As we reported in August 27, 2012, in Banner Health System* the National Labor Relations Board (NLRB) ruled that an employer violates Section 7 of the National Labor Relations Act (NLRA) when it maintains a blanket policy that prohibits employees from discussing workplace investigations.
On April 16, 2013, the NLRB’s Division of Advice released a memorandum of advise providing further guidance to employers regarding the confidentiality of investigations. The Division found the following policy from Verso Paper’s Code of Conduct in violation of Section 7 of the NLRA:
Verso has a compelling interest in protecting the integrity of its investigations. In every investigation, Verso has a strong desire to protect witnesses from harassment, intimidation and retaliation, to keep evidence from being destroyed, to ensure that testimony is not fabricated, and to prevent a cover-up. To assist Verso in achieving these objectives, we must maintain the investigation and our role in it in strict confidence. If we do not maintain such confidentiality, we may be subject to disciplinary action up to and including immediate termination.

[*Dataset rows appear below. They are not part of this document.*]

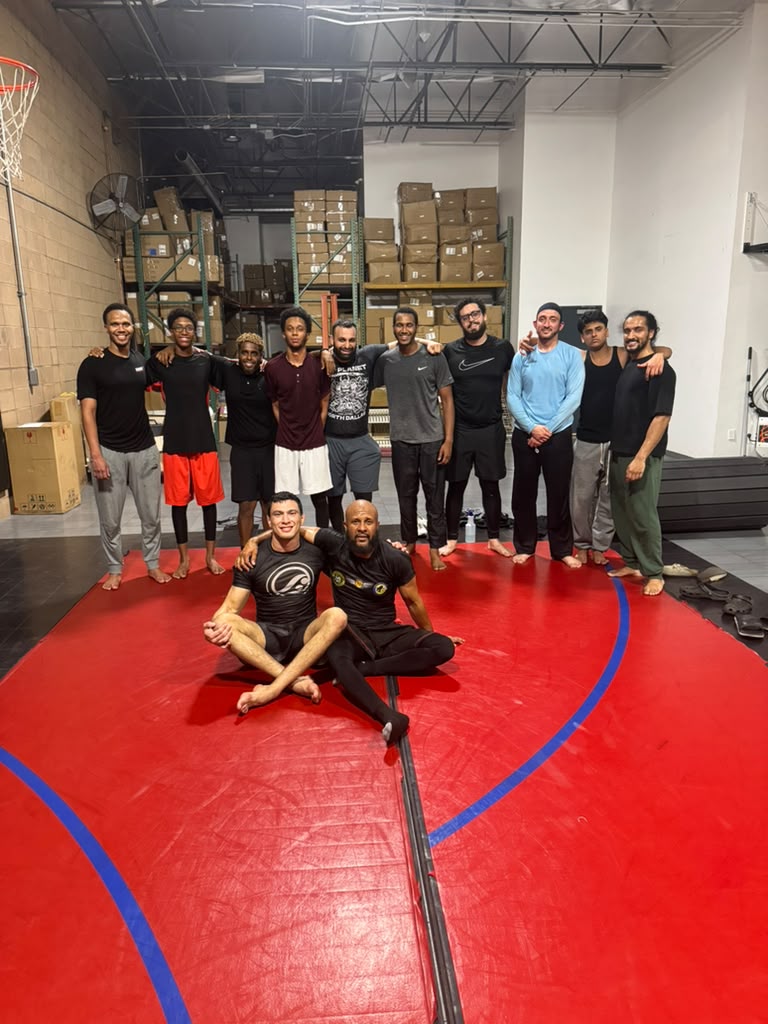 An adult class gathered on the mat at United BJJ AZ.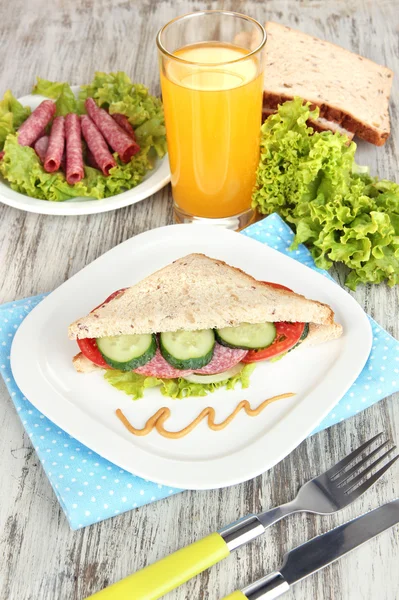 Compositie bij vruchtensap en lekkere sandwich met worst salami en groenten op kleur servet, op houten tafel achtergrond — Stockfoto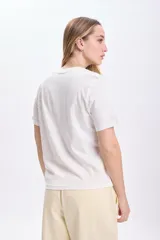 Remera blanca de algodón con cuello redondo y mangas cortas. Estampa de flores y texto en color negro.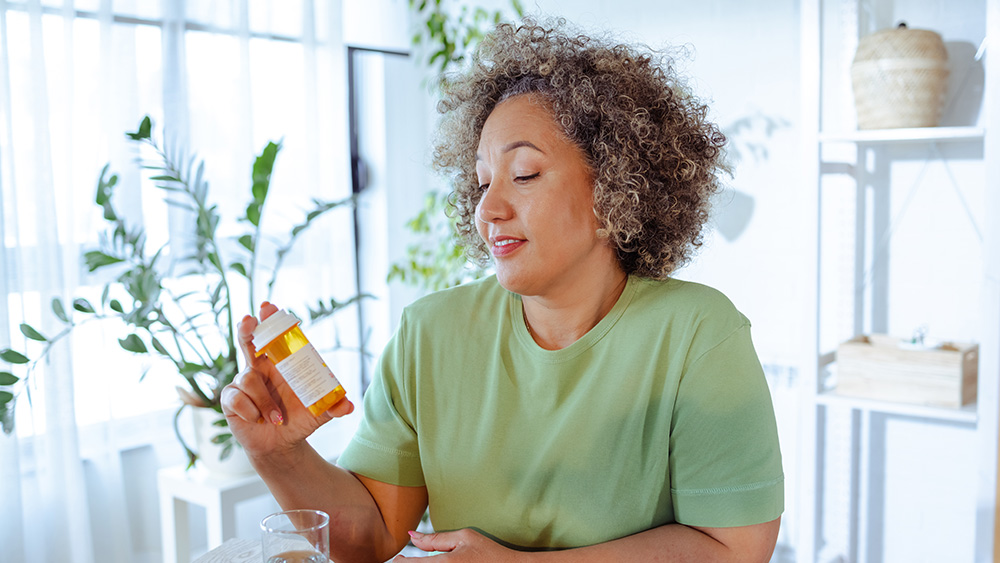 Woman looking at magnesium bottle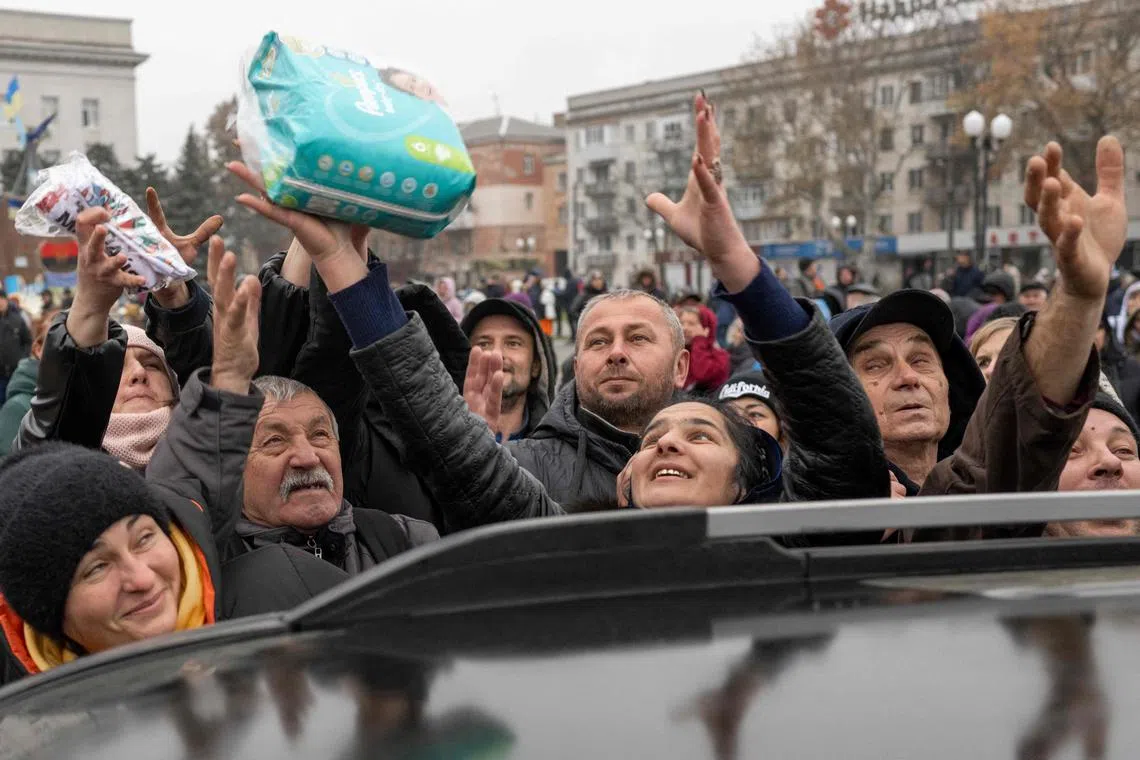 Residents waiting to get items from an aid supply distribution point in Kherson, on Nov 17, 2022.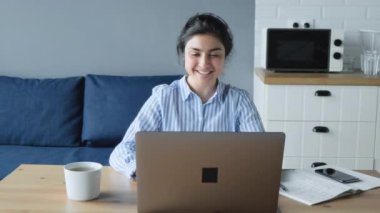 Odaklanmış Hintli kadın mesafe öğretmeni laptop konferansında web kamerası görüntülü konuşma ile öğrenciyle iletişim kuruyor. Dersi açıkla ve bilgisayar eğitimi kavramını öğren.
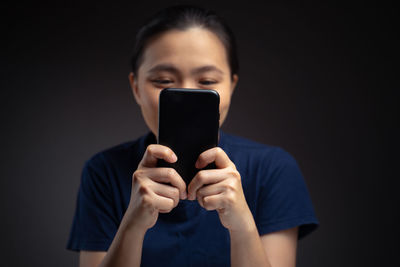 Portrait of man using mobile phone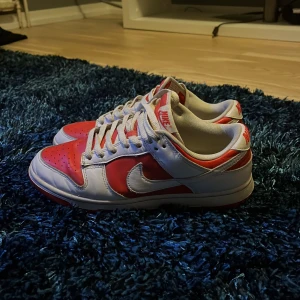 Nike Dunk i rött och vitt - Säljer ett par Nike Dunk i rött och vitt. Skorna har en klassisk design med snörning och är i bra skick. Perfekta för både vardag och träning. Sulan är röd och ovandelen har en snygg kombination av rött och vitt. Lät ai skriva och det stämmer väldigt bra. Dom är i väldigt bra skick och säljs pga pengar behov. Köptes för 200 av min polare och det är därför jag säljer billigt, Såklart är dom äkta så tveka inte på att höra av er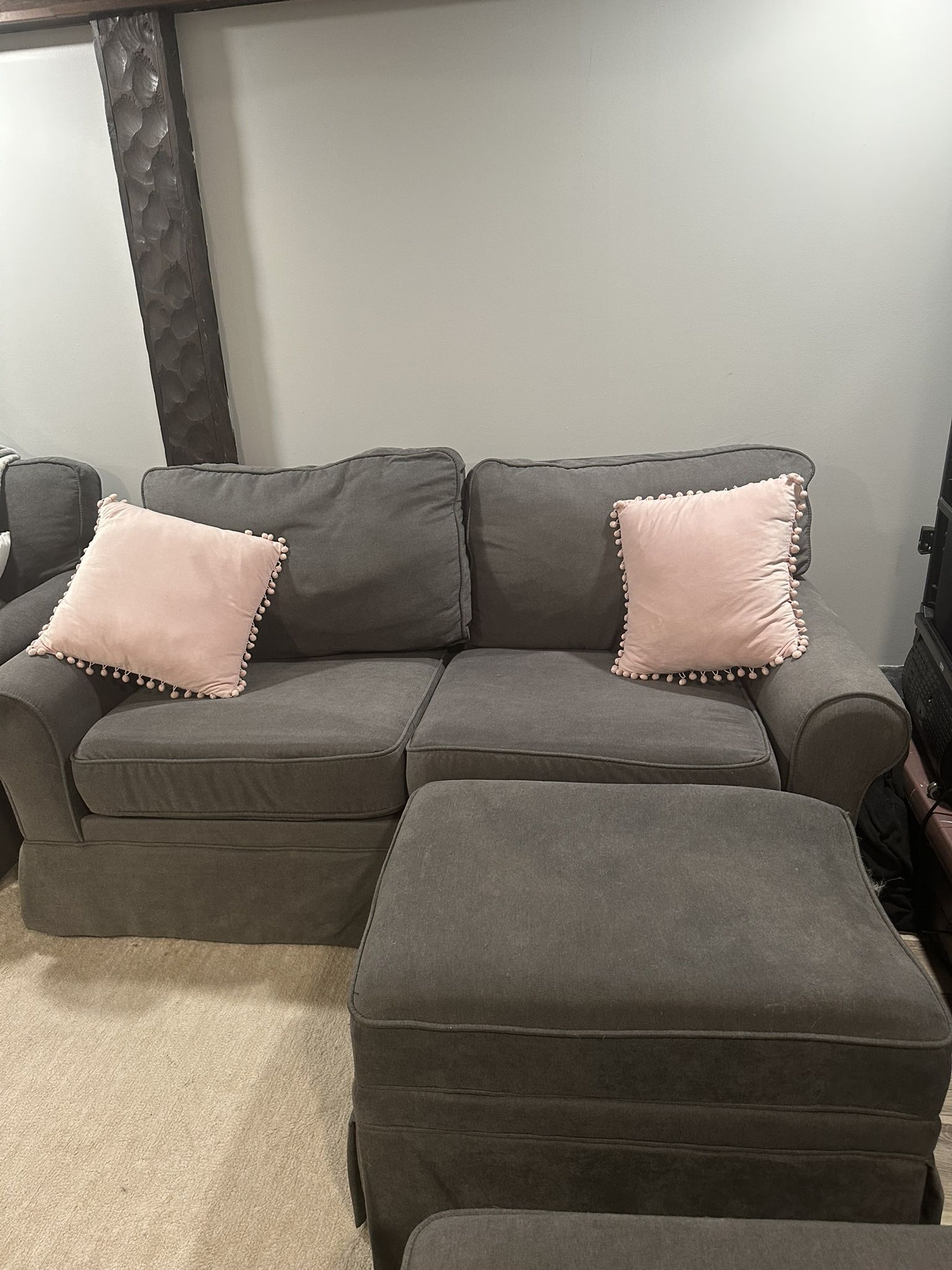 2 seater gray sofa with ottoman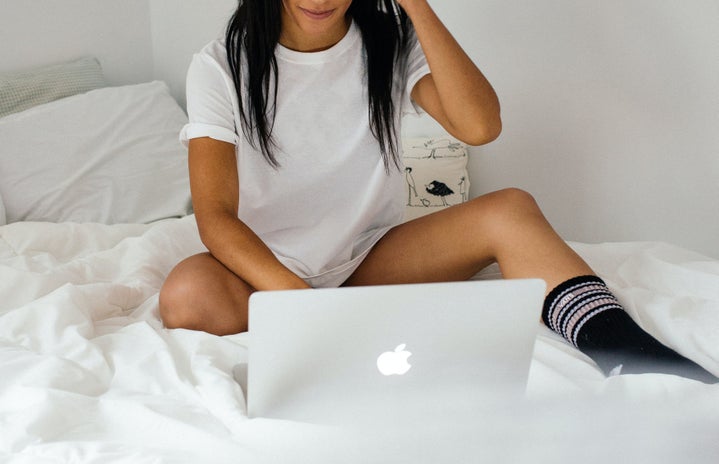 Woman sitting on bed with laptop by Charles Deluvio on Unsplash?width=719&height=464&fit=crop&auto=webp
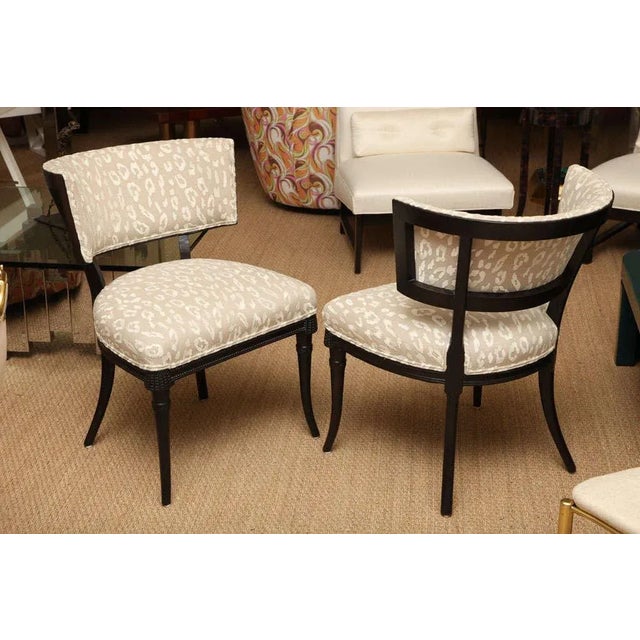 This lovely pair of fully restored vintage Grosfeld House Regency style side chairs have an unusual beaded wood detail,...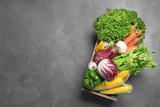 Fototapeta Kuchnia - Crate with fresh vegetables on grey table, top view. Space for text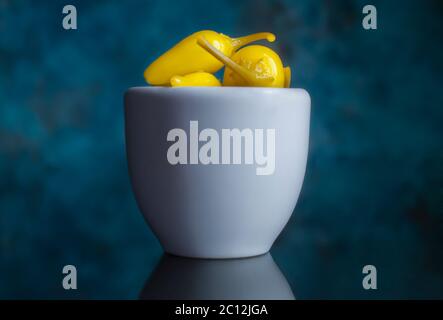 Pepperoncini Paprika in einer weißen Tasse mit blauem Hintergrund und auf einer reflektierenden Oberfläche, Makrofotografie Stockfoto
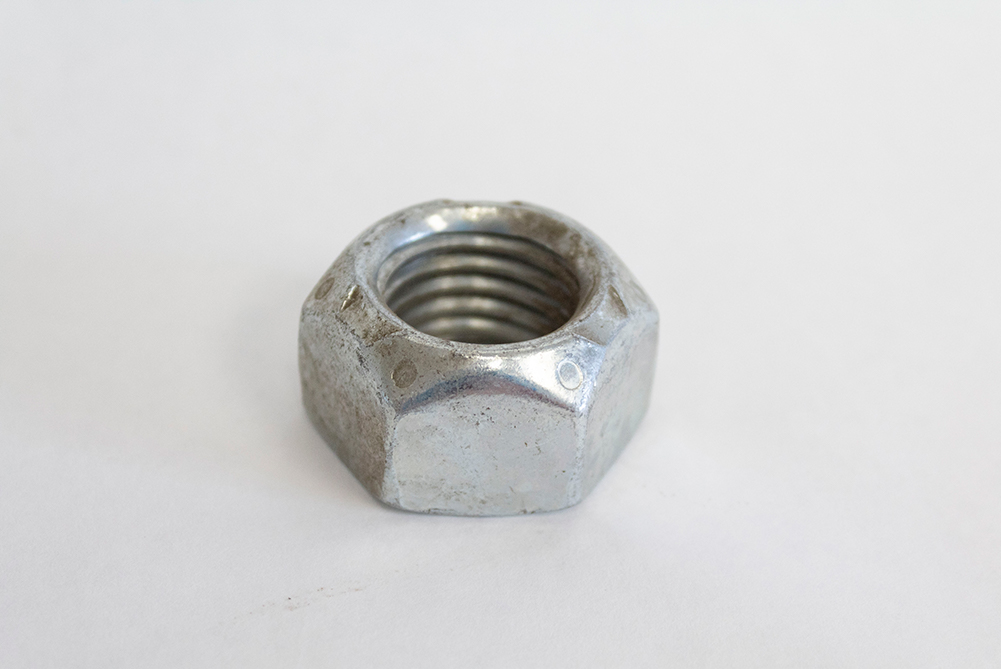 stump grinder mount linkage nut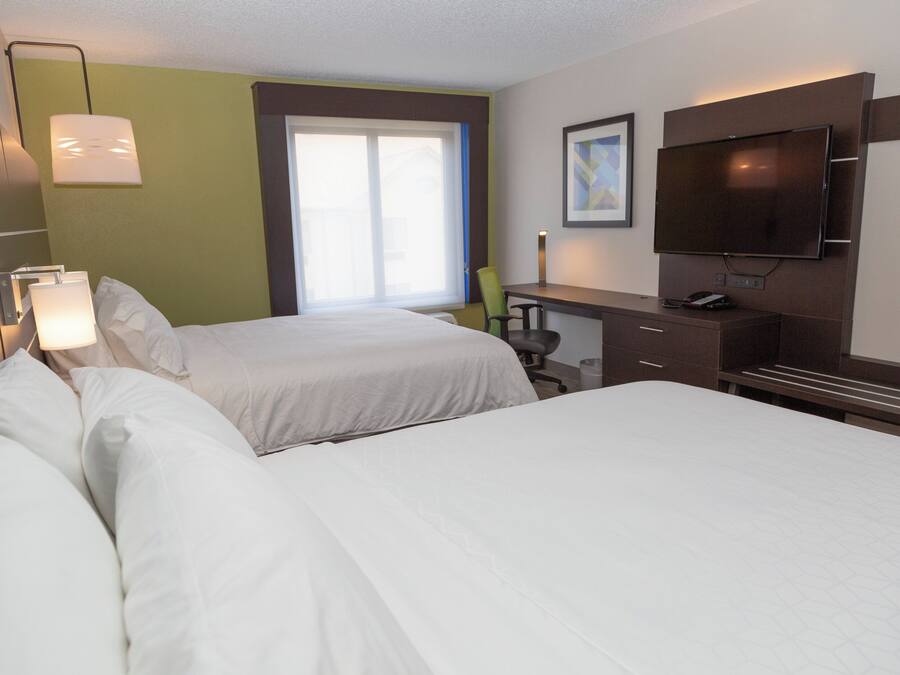Habitación de hotel con dos camas, un escritorio, una silla, un televisor y una ventana.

However, the Division also stated that the policy would be lawful if the last two sentences were deleted and replaced with:
Verso may decide in some circumstances that in order to achieve these objectives, we must maintain the investigation and our role in it in strict confidence. If Verso reasonably imposes such a requirement and we do not maintain such confidentiality, we may be subject to disciplinary action up to and including immediate termination.
Accordingly, to be compliant with the NLRB’s current position, employers must establish in each investigation that there are case specific reasons/facts that justify maintaining an investigation as confidential.